[Task]:
Please set down the data again exactly, minus the pictures.

[Recorded data]:

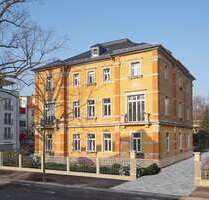 Wohnung zum Mieten in Dresden 1.900,00 € 95 m²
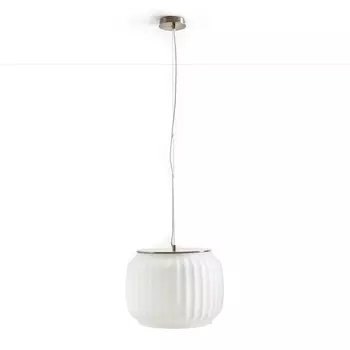 Светильник LaRedoute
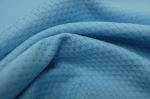 Bawełna 100% Pika Max Mara Jasny Turkus 06.jpg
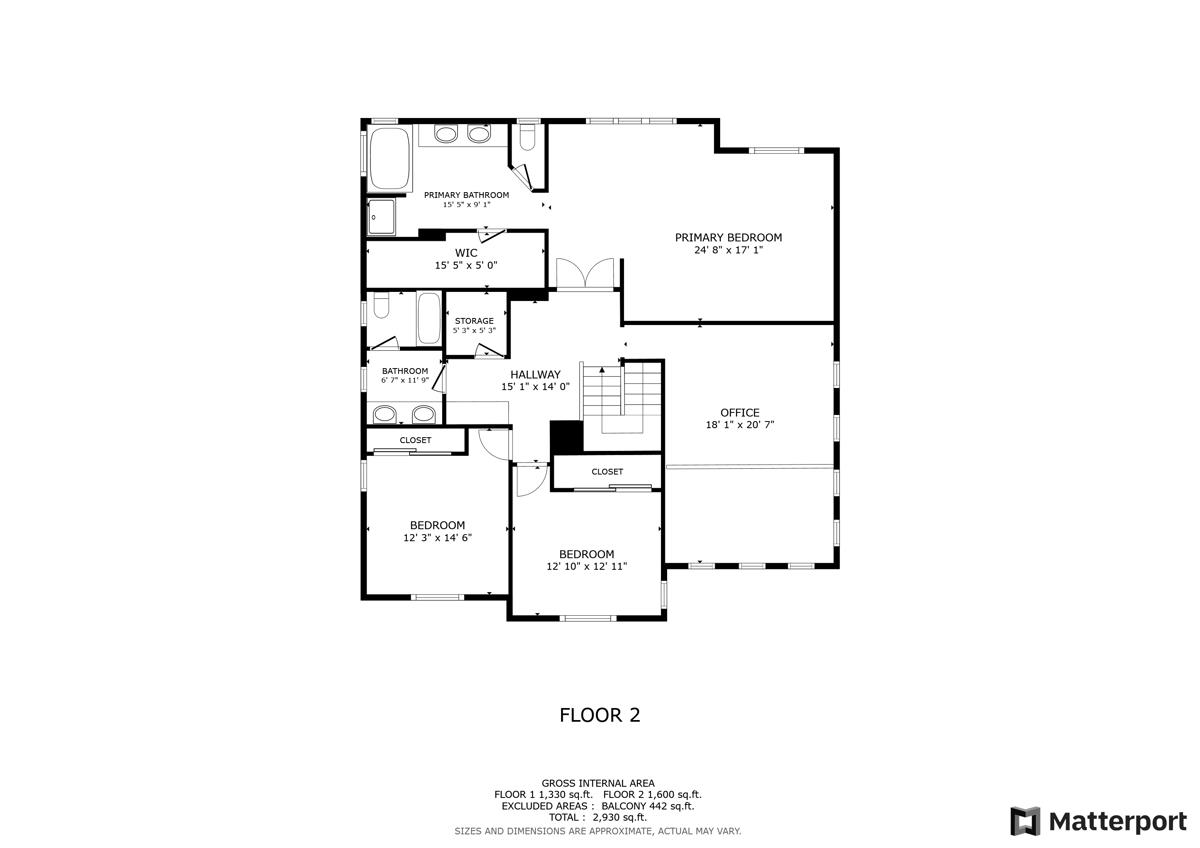 23392 Meyer Ravine Road Grass Valley, CA 95949 - Photo 30 of 58 a picture of a bench in front of a window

[The completed task]:
 Wohnung zum Mieten in Dresden 1.900,00 € 95 m²
 Светильник LaRedoute
 Bawełna 100% Pika Max Mara Jasny Turkus 06.jpg
 23392 Meyer Ravine Road Grass Valley, CA 95949 - Photo 30 of 58 a picture of a bench in front of a window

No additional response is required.